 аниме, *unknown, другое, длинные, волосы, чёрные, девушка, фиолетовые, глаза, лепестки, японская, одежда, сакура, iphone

■ ■ ■ ■ ■ ■ ■

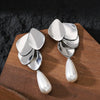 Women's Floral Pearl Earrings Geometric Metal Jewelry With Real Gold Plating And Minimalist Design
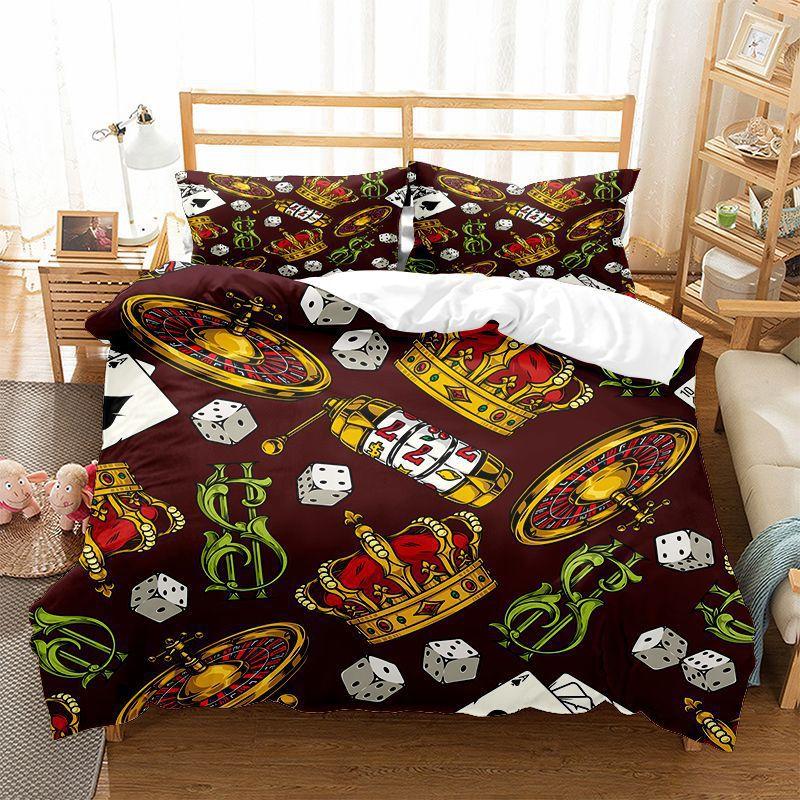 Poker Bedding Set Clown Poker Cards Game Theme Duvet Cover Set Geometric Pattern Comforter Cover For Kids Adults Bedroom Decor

■ ■ ■ ■ ■ ■ ■

What you have to do ->
Give again the stretch of lines above from the one with "Women's Floral Pearl" through the one with "Poker Bedding Set", both ends kept, and copy no pictures.

Answer to this exercise ->
 Women's Floral Pearl Earrings Geometric Metal Jewelry With Real Gold Plating And Minimalist Design
 Poker Bedding Set Clown Poker Cards Game Theme Duvet Cover Set Geometric Pattern Comforter Cover For Kids Adults Bedroom Decor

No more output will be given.